The bill also increases penalties for repeat DUI offenders and makes it a crime to loan your vehicle to someone you know is drunk or under the influence of drugs.

Hinesburg Representative William Lippert chairs the House Judiciary Committee. He said the legislation is one of several measures in recent years to curb driving under the influence.

(Lippert) "We generally want to send a message that the tragedy of drunken driving and the tragedy of loss of life, injury on our highways must stay in our consciousness must stay on the agenda for us, because every day when we’re out on the highway, one never knows if someone in the other vehicle has chosen to use that car as a weapon."

(Host) The bill says judges should set a 5 year minimum in DUI cases that result in fatal accidents or serious injuries. Currently the minimum sentence is one year in jail.

Lippert said judges would still have some flexibility in sentencing.

(Lippert) "We are setting some minimum expectations of incarceration but allowing for the judge to exercise their judging where the interests of justice and public safety require it."

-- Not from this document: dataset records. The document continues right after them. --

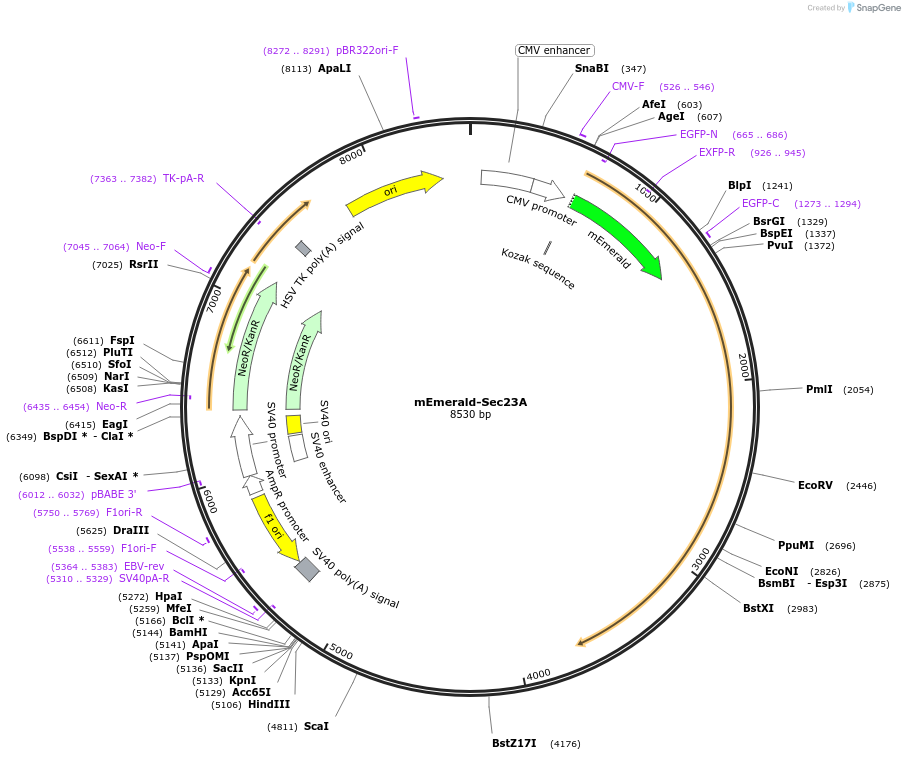 166893-plasmid-map-sequence-id-334696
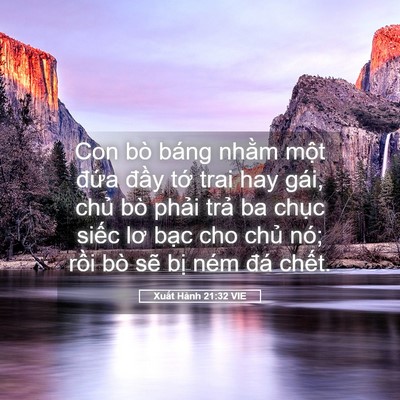 Picture 05 - Xuất Hành 21:32 VIE - Con bò báng nhằm một đứa đầy tớ - Bible Verse Picture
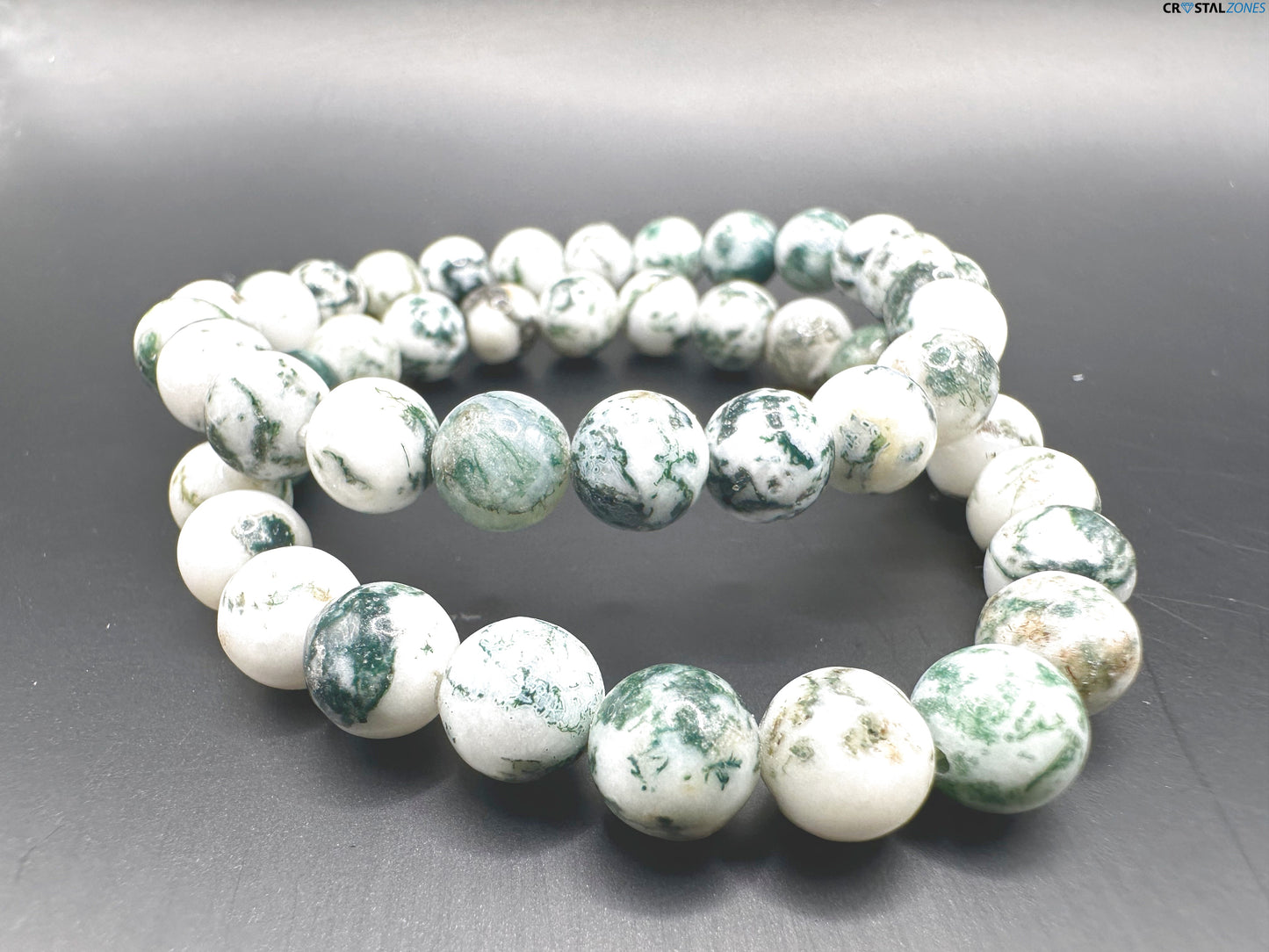 Tree Agate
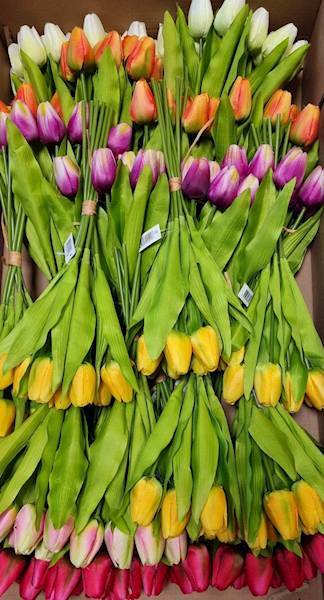 TULIPAN BUKIET M92868 MIX KOLOR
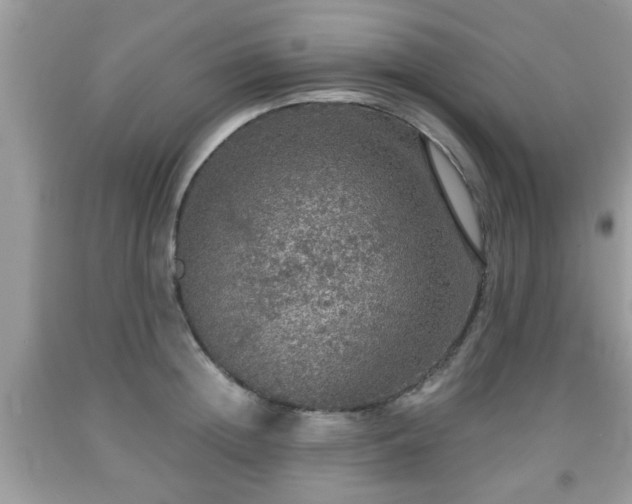 X0000091960852200709131225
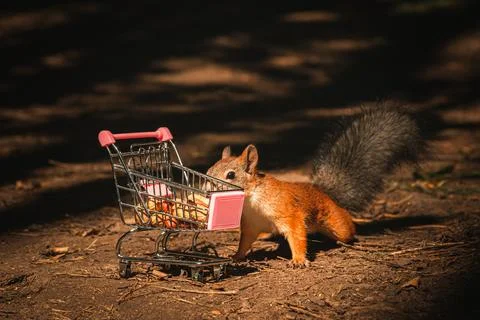 Shopping squirrel Stock Photos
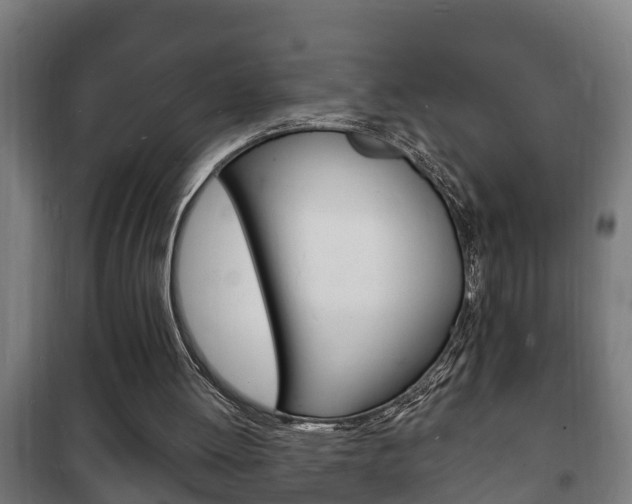 X0000102220052200807250755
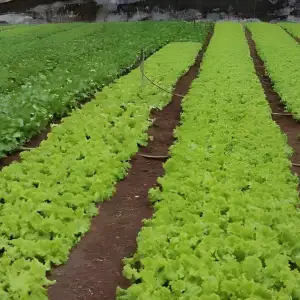 Green Acre Farm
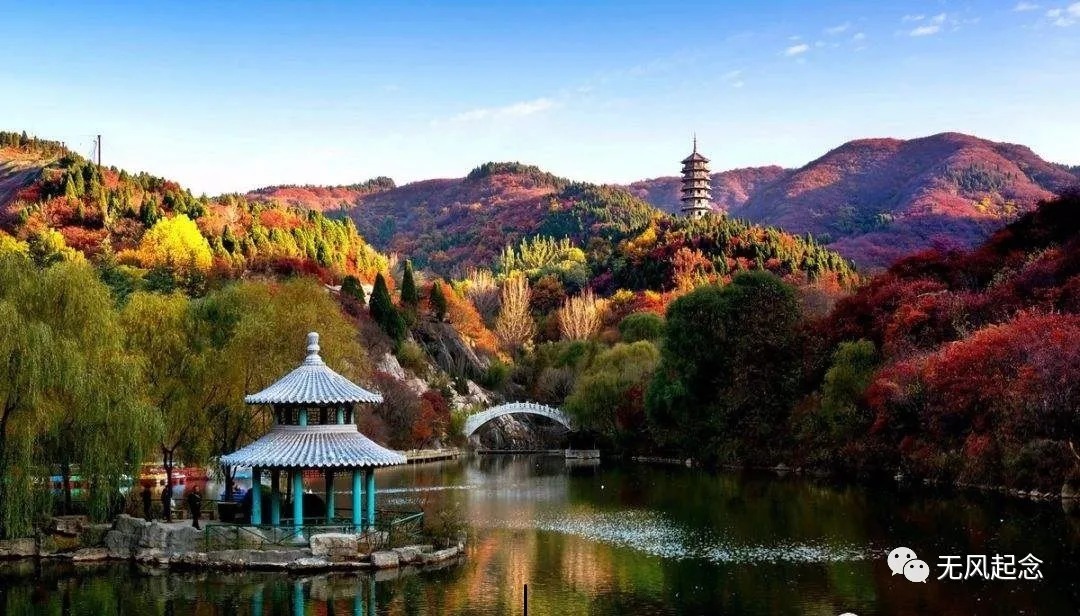 宗室$他出身于唐朝宗室,一生不近女色,却喜爱猴子,还喜欢品茶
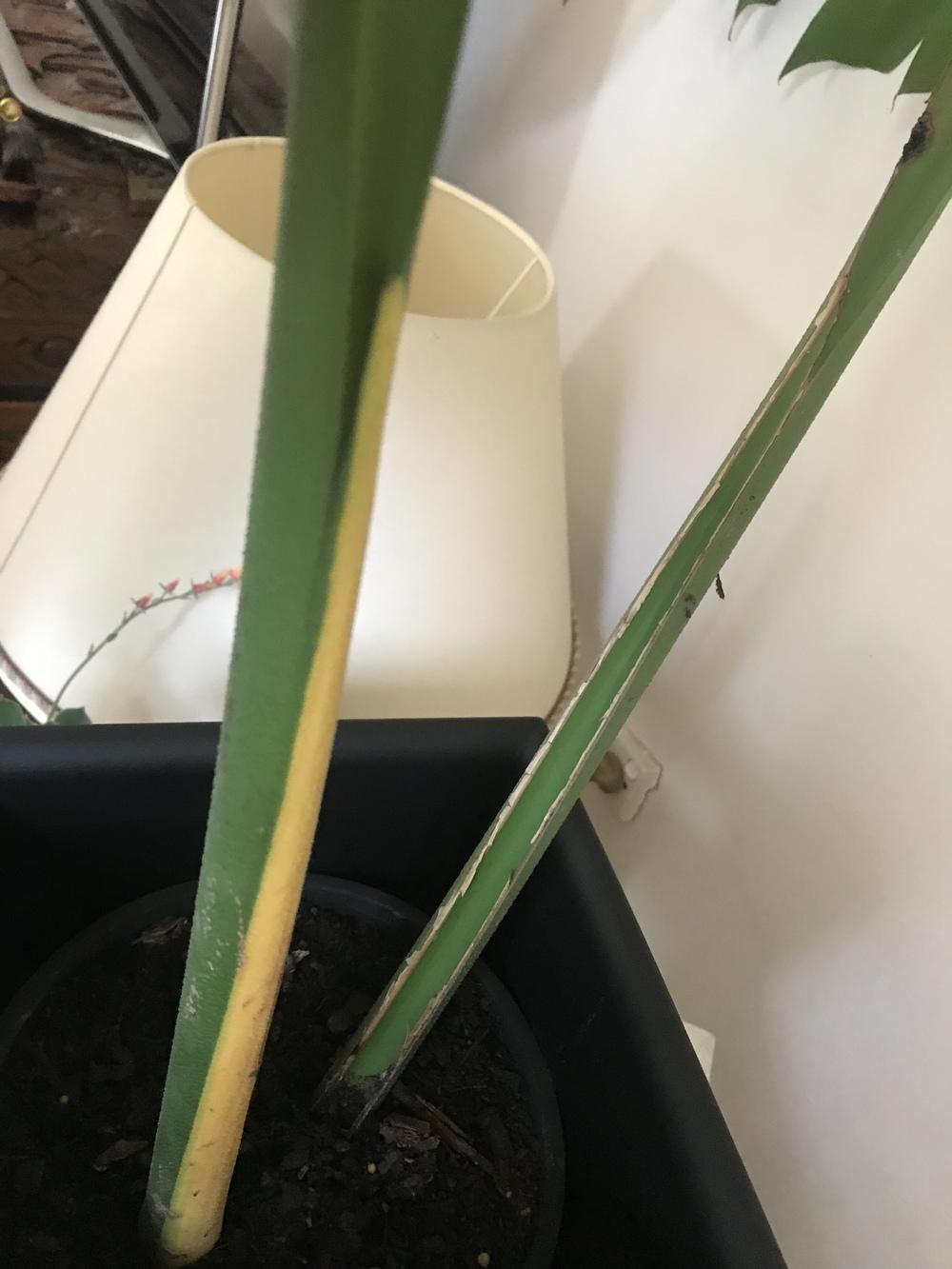 Ask A Question Forum Monstera Yellow Stem Garden Org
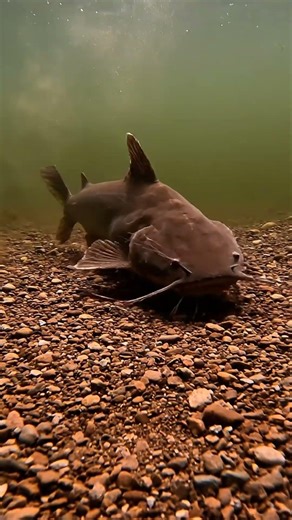 🤯 The ULTIMATE 350lb Fish Catch! You WON'T Believe Your Eyes! 🎣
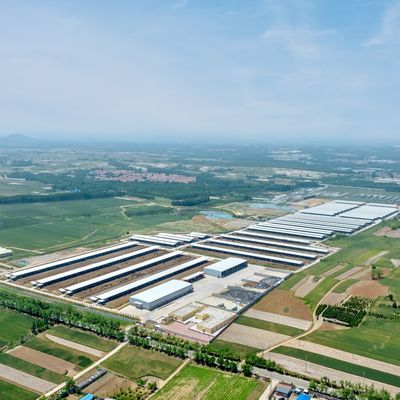 طراحی عرضه ساختمان مدرن فولاد مزرعه لبنیات گودال فلزی گودال گاو با سیستم تهویه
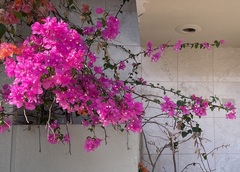 Bougainvillea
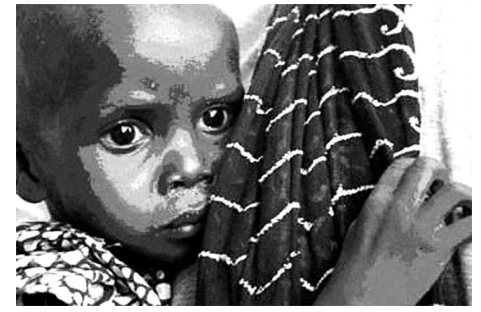 Imagem associada 
para resolução da questão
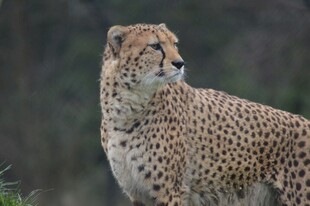 猎豹特写尽显野性魅力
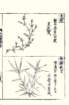 photo57_small.jpg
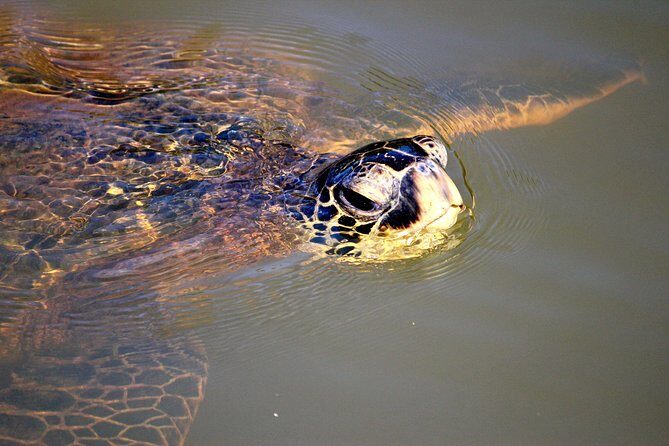 Private Stand up Paddle Lesson and Tour (for 1 or more paddlers) - Included gear and what to bring for a smooth day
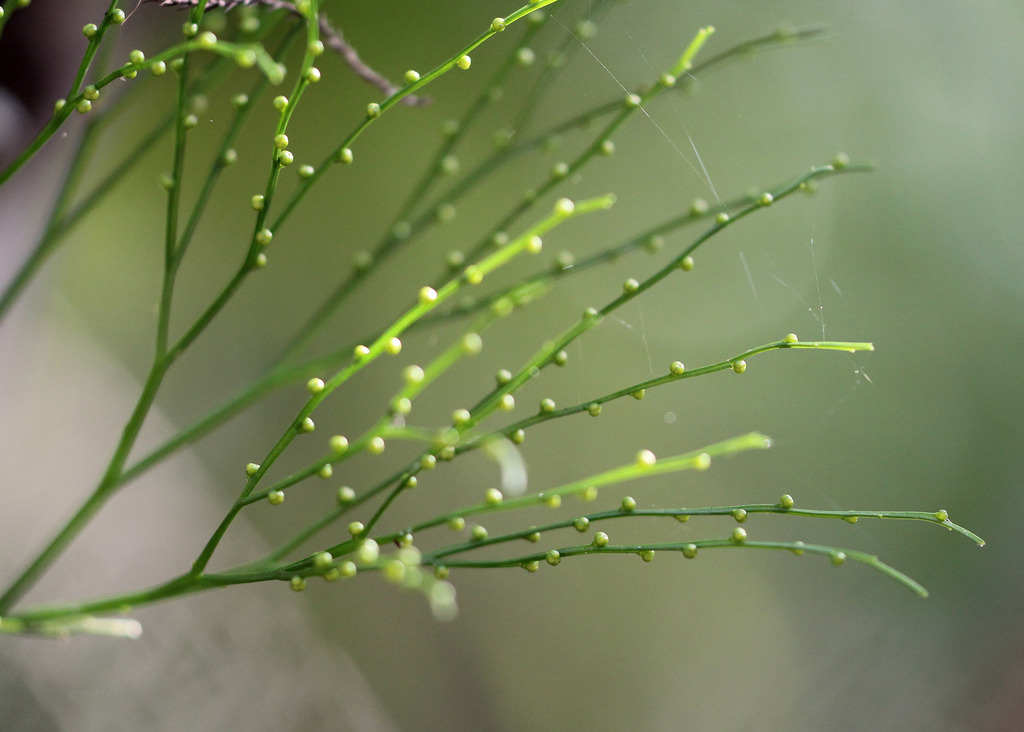 Adder's-tongues, Fork Ferns, and Allies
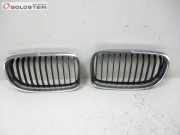Ziergitter Satz Nieren Links/Rechts Chromrahmen BMW 3 TOURING (E91) 318D 105 KW 7201967~~7201968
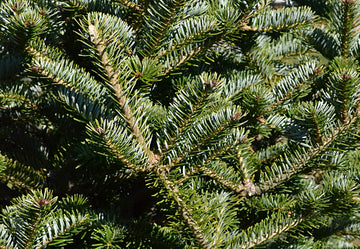 Fresh Frasier Fir Christmas Tree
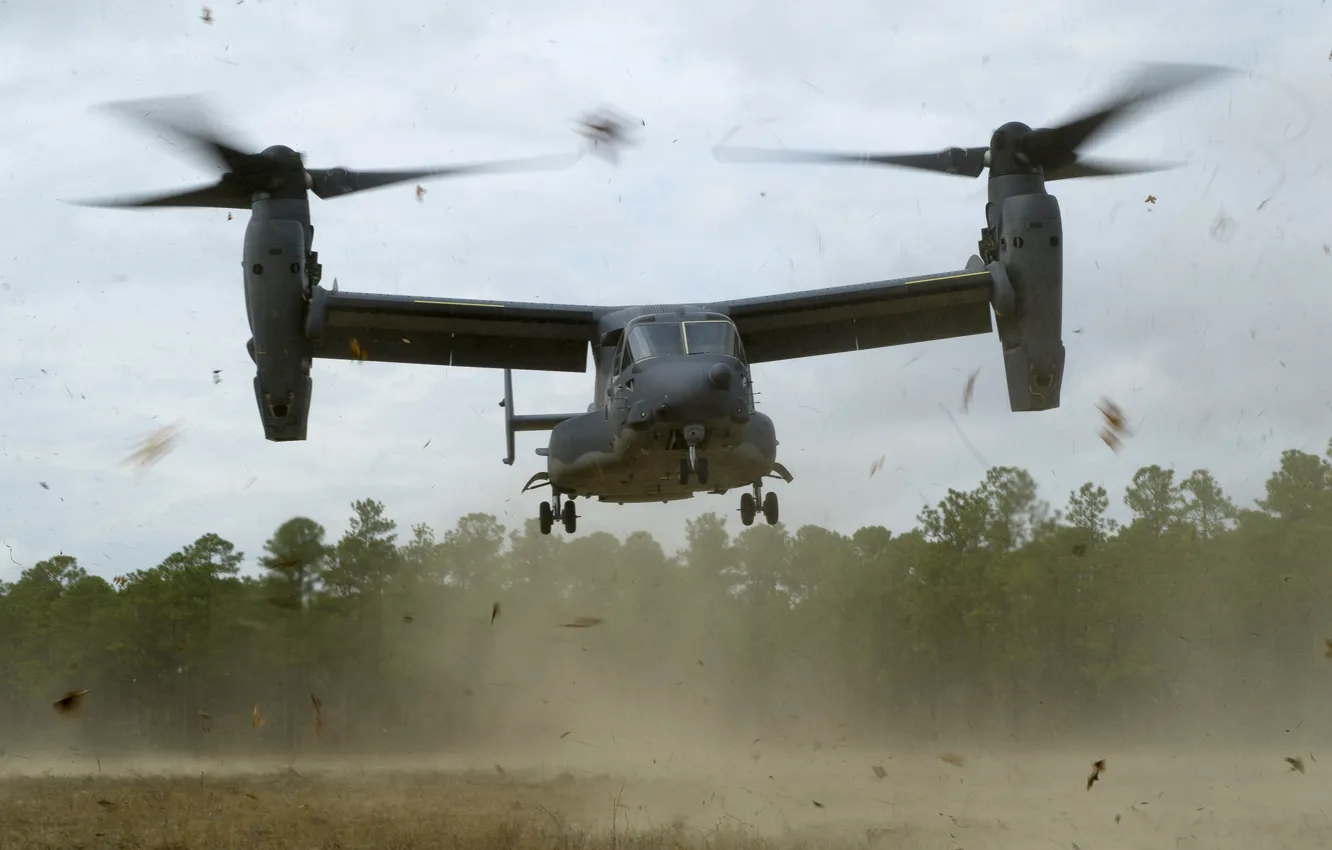 Photo wallpaper forest, leaves, USA, landing, BBC, the tiltrotor, Osprey, Bell-Boeing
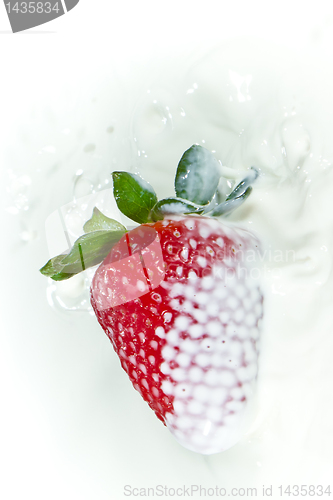 Image of strawberry splashing into milk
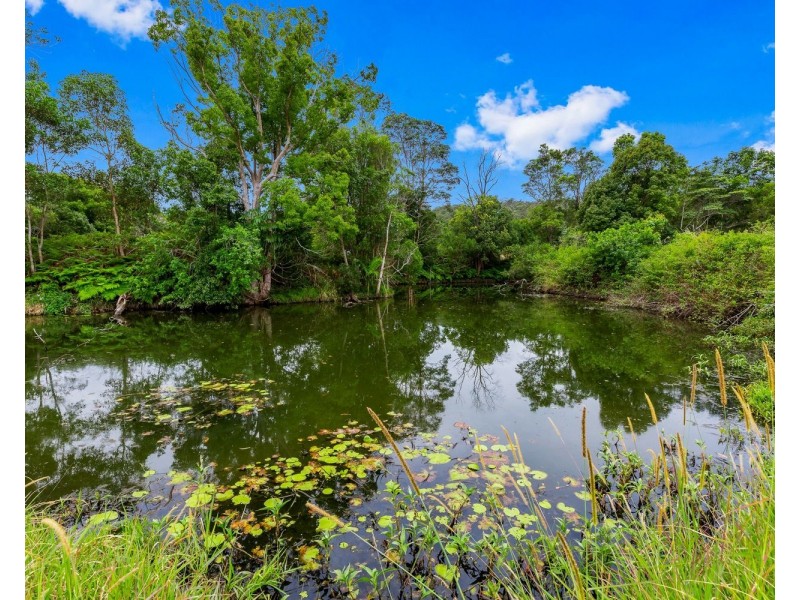 136 North Arm Yandina Creek Road, North Arm QLD 4561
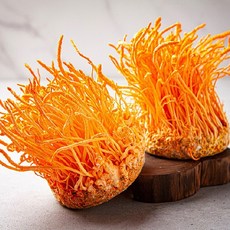 국내산 현미 성재모 동충하초 생초 4개, 80g, 현미 동충하초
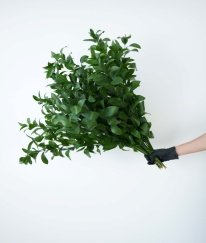 Greens Ruscus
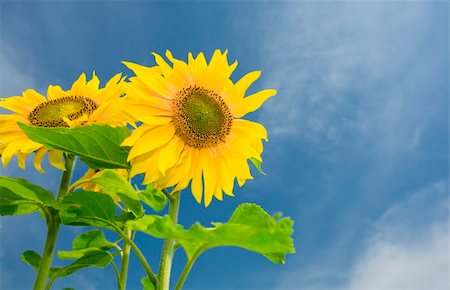simsearch:400-04996406,k - View of nice fresh sunflower on blue sky back Stock Photo - Budget Royalty-Free & Subscription, Code: 400-04552092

(Host) Lippert said the House and the Senate divided their responsibilities on DUI issues. He said his committee will now take up legislation passed by the Senate that makes it a felony to try to escape from police if the driver kills or seriously injures someone.

That bill was prompted by the death of 43-year-old Katherine Borneman in December. She was killed by a Burlington driver who led police on a car chase. The driver had four previous drunken driving convictions.